We also see how Twombly used the drawings as plans for larger works. In Study for Treatise on the Veil (1970), strips of dark-green painted paper are layered horizontally across a white page. Twombly made the large-scale work,Treatise on the Veil (Second Version)in the same year, as a vast canvas painting of nearly 33 feet (10 metres). The large-scale piece looks very different from the study, however. It is made in white crayon on black house-paint. The bold green colour from the collage has been replaced by a thin, soft line. Tracing these processes gives an insight into how Twombly worked, translating his ideas from drawings to large-scale works, amplifying scale, but maintaining simplicity.

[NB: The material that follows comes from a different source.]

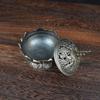 Lotus Flower Incense Burner Buddhi Buddha Holder Brass Mini Censer Incense Metal Craft Home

The title Treatise on the Veil refers to Twombly’s interest in mythical themes, which grew stronger when he moved to Rome in 1957, setting up a studio overlooking the Colosseum. Classical names such as Orpheus, Adonis and Pan infuse the drawings through titles, quotes and text written on the paper. Two drawings, one titled Venus and the other Apollo (both 1975), show the titular words scrawled centrally in red and blue crayon respectively. Surrounding them are lists of associated words that build up like a thought diagram.

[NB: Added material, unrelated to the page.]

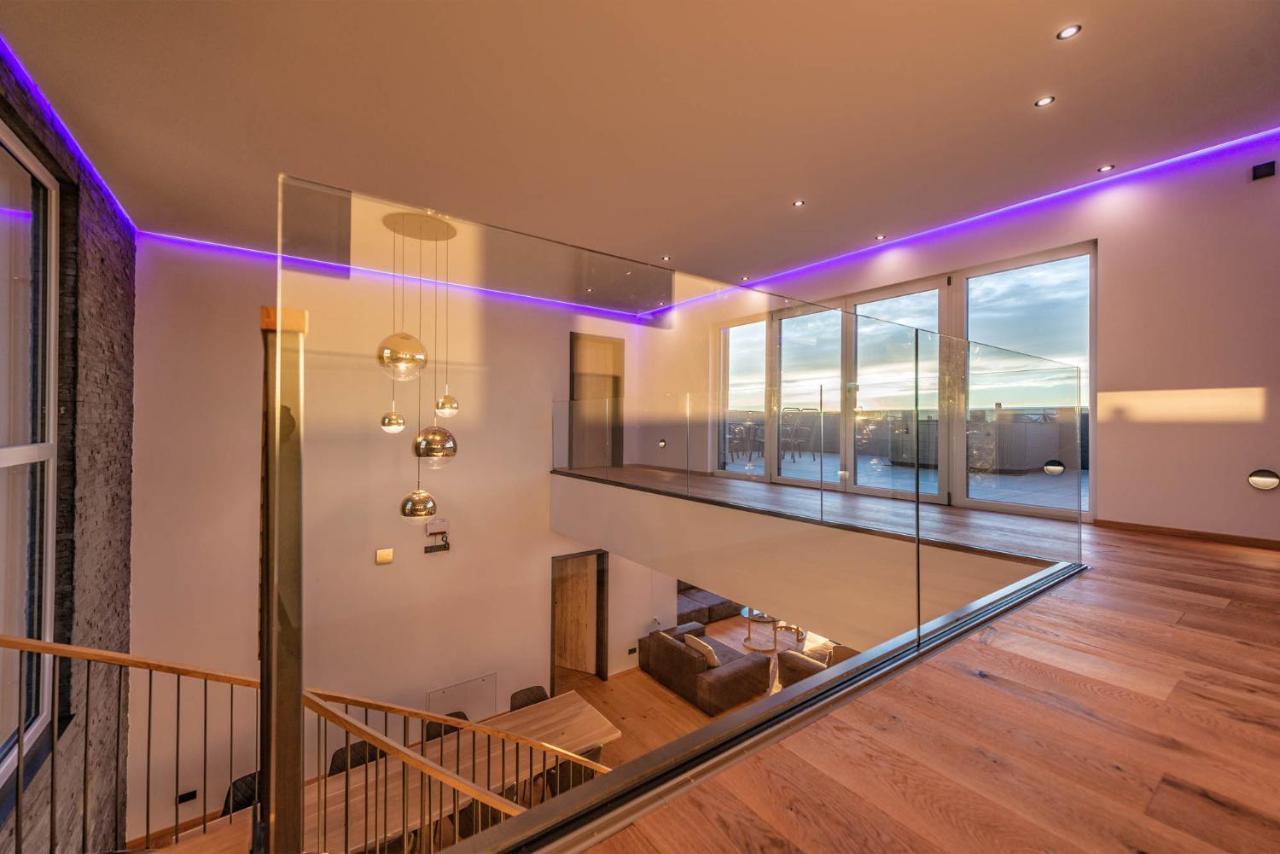 Moderne Villa Mit Whirlpool Und Heimkino Вальдкирхен Экстерьер фото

The works in the final room are a combination of styles accumulated throughout the exhibition; drawing, collage and painting on paper. We see the emergence of Twombly’s celebrated style seen in larger-scale works that explode with colour and natural shapes. Scenes from an Ideal Marriage (1986) is one of these colourful accumulations. A central piece of collage is buried under paintings of bright abstract flowers peppered with Twombly’s signature blood red. In Untitled (2001), the leaf motif recurs under layers of purple hydrangea patterns, and yellow drips stream from above, combining the natural European influence with the brash New York style. In Nicola’s Irises (1990), tall, dark-purple flowers take on a recognisable form through a purple scribble with long emerald-green stems. Colour is one of the major accelerations of this room. The works have gradually journeyed from minimalist neutral tones to a maximum range of neon yellow, purple, pink and red. These works are no longer processes or experimentations, but finished works that achieve the same height of experience as his large-scale works, such as the Roseseries (2001-8), or the Lepanto series (2001) for which he received the Golden Lion prize at the 49th Venice Biennial.
From drawings with crayon and house-paint, to experimentation with symbols and numbers, to collage, to paint dripping and, finally, to the accumulation of techniques, the exhibition is a journey through Twombly’s experimental processes, which reaches a climax in style and composition parallel to his larger-scale practice.